> _What is required_:
The response must consist of the lines below from the one with "this 450×253 image." through the one with "this 1456×819 image.", exactly as they appear and with both ends kept.

> _Source records_:
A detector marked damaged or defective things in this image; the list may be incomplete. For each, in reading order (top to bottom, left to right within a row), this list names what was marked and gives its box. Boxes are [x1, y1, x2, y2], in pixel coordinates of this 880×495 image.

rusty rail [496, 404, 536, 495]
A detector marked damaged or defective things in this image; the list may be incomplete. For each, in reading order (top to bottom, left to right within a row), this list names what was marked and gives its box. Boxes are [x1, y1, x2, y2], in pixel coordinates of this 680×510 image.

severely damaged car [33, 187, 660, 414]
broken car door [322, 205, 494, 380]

...

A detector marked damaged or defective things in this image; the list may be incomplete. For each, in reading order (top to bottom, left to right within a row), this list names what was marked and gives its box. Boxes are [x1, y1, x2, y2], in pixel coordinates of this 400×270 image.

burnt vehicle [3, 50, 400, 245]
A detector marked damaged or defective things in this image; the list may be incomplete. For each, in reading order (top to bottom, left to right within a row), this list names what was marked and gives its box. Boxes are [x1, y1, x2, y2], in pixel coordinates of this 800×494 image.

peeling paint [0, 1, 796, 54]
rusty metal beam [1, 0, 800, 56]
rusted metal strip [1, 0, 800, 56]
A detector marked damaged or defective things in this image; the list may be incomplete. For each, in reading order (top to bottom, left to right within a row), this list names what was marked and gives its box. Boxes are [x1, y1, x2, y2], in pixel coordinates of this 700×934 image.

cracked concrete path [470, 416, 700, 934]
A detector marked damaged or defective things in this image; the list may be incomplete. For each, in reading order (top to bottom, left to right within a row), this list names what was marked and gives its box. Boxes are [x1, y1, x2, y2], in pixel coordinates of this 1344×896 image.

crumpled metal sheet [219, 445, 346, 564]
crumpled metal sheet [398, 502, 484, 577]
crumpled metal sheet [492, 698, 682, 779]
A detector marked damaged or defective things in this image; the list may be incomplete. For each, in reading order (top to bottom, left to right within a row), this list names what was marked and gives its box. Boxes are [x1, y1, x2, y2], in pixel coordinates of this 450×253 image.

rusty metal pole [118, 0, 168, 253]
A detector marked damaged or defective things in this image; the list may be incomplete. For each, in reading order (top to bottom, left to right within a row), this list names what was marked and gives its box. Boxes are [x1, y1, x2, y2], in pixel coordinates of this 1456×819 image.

> _Solution for this exercise_:
A detector marked damaged or defective things in this image; the list may be incomplete. For each, in reading order (top to bottom, left to right within a row), this list names what was marked and gives its box. Boxes are [x1, y1, x2, y2], in pixel coordinates of this 450×253 image.

rusty metal pole [118, 0, 168, 253]
A detector marked damaged or defective things in this image; the list may be incomplete. For each, in reading order (top to bottom, left to right within a row), this list names what was marked and gives its box. Boxes are [x1, y1, x2, y2], in pixel coordinates of this 1456×819 image.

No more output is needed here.